My longest time out solo, without seeing another person was 8 days. This is another entirely different experience.
Either case, the more time I am out, the less I want to go back to civilization-- that is, until winter sets in! Then I am fully aware of my preference for a few more creature comforts.
Thanks for the insight. My long trips are usually only about 10 days. I ran a tree planting crew once at 7,200 feet for the month of April in a wall tent.
everytime it snowed 10 members of the crew showed up in the Flagstaff Hilton to enjoy the wood stove. My work experiences usually tied to together trips of a week or more, but with a day or two at home in between.

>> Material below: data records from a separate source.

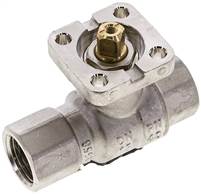 Festo VAPB-1/2-F-40-F03 Festo VAPB-1/2-F-40-F03 — Industrial Component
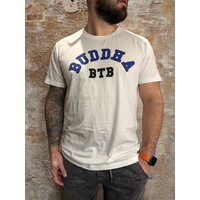 Teun T-Shirt White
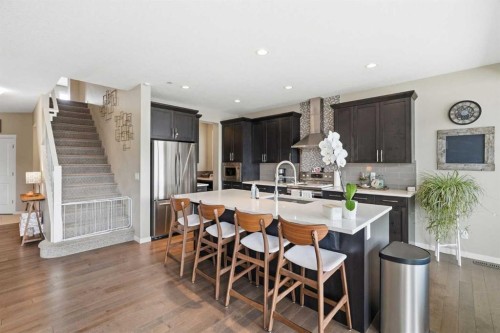 186 Howse Rise Ne, Calgary, AB 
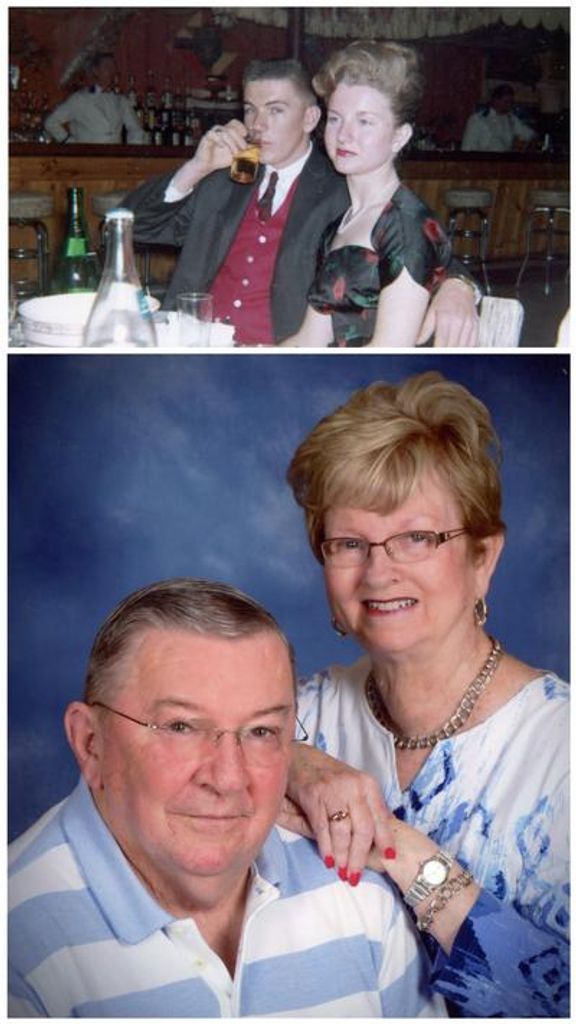 Richard "Dick" Donald Geibert Profile Photo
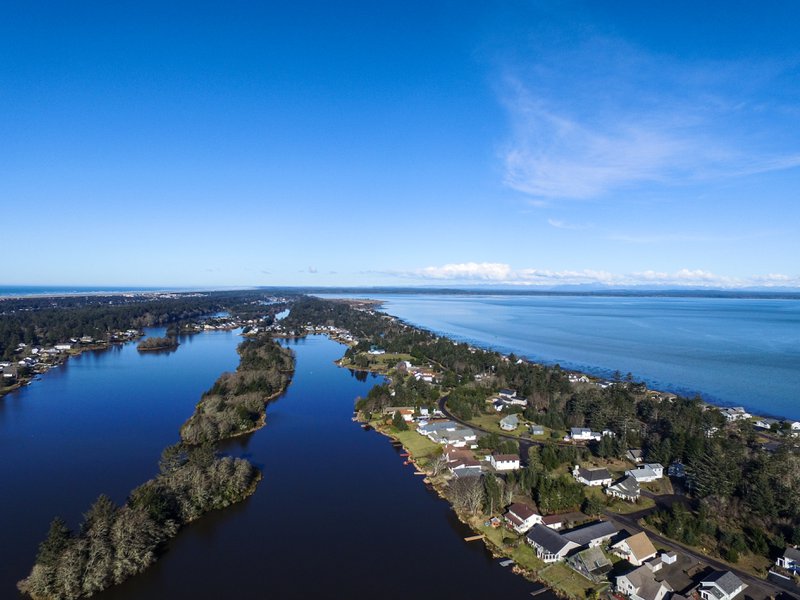 ocean shores lodging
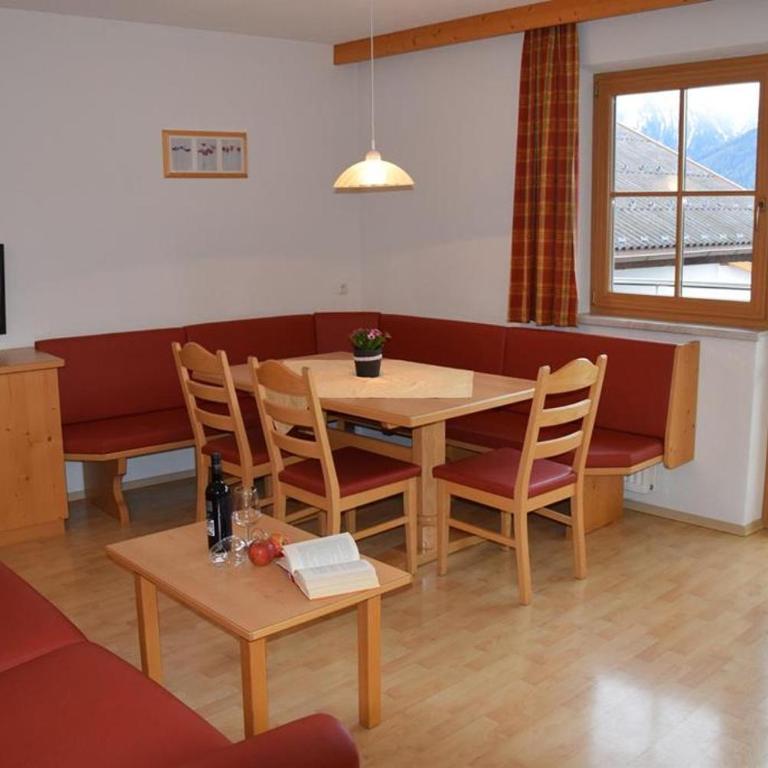 Appartementhaus s'Wascheless - Two-Bedroom Apartment - 3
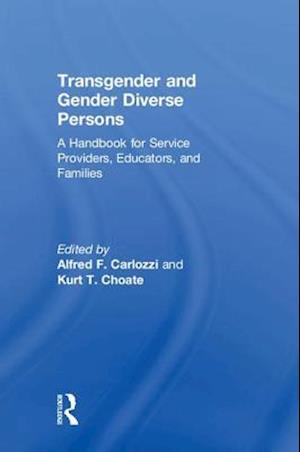 Transgender and Gender Diverse Persons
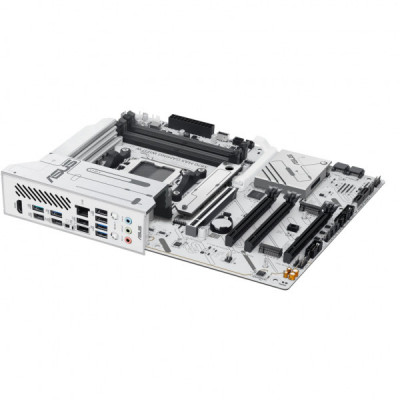 Материнська плата ASUS X870 MAX GAMING WIFI7 W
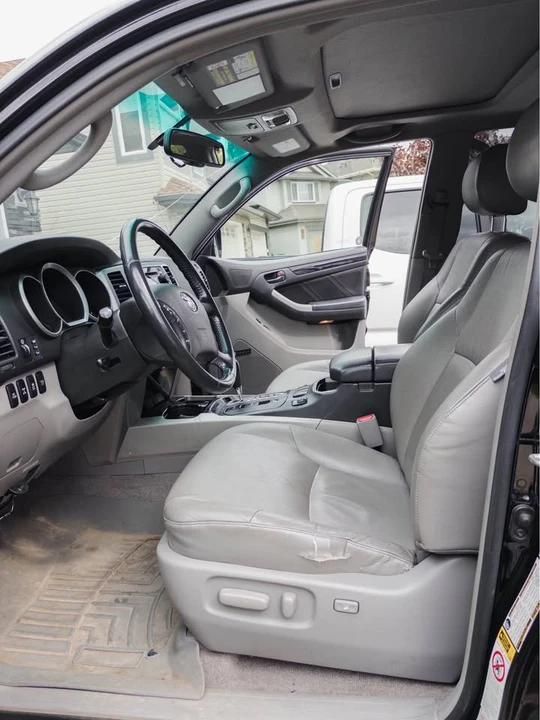 2009 Toyota 4Runner 4th Gen - Image 9 of 13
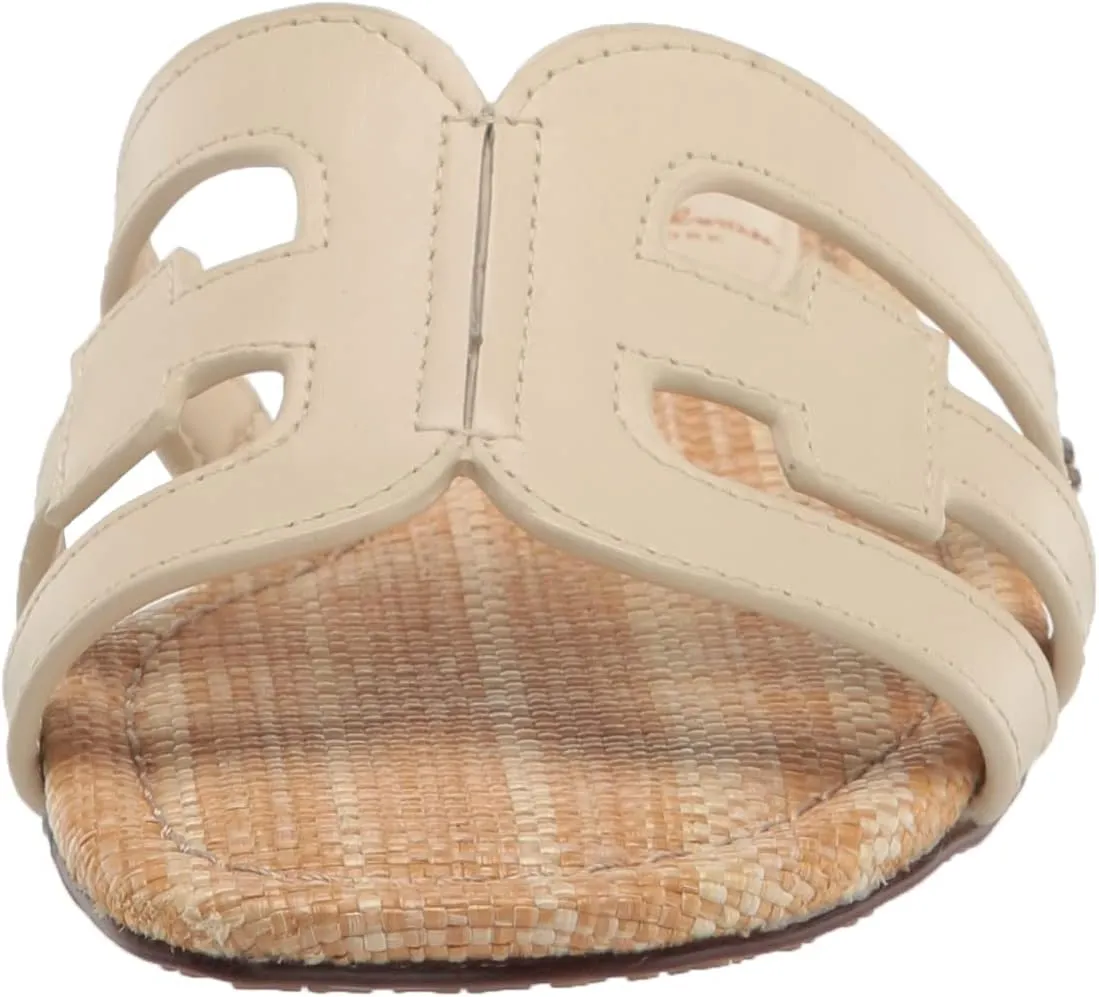 Sam Edelman Women's Bay Radiant Slide Sandal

Your description of not thinking of the end date resonated strongly. That is when people know they are mentally casting off the trappings of civilization. I have had many NOLS instructors and graduates on field crews and they were all really dependable. They greatly changed some of my dated opinions about women in the field even on long strenuous trips.
I used to backpack solo a lot in the Cascades when I went to forestry school at the U of WA. It was easy in the 70s to hitchhike to a trailhead even on dirt roads, do a loop and hitchhike out. Those 4 day trips felt like a week. My brother is involved in a formal Quest program. It is a spiritual journey that culminates in a three day solo trip with a s bag and a jug of water. There is no spiritual substitute for solo trips in the hills with no one around to influence your thoughts.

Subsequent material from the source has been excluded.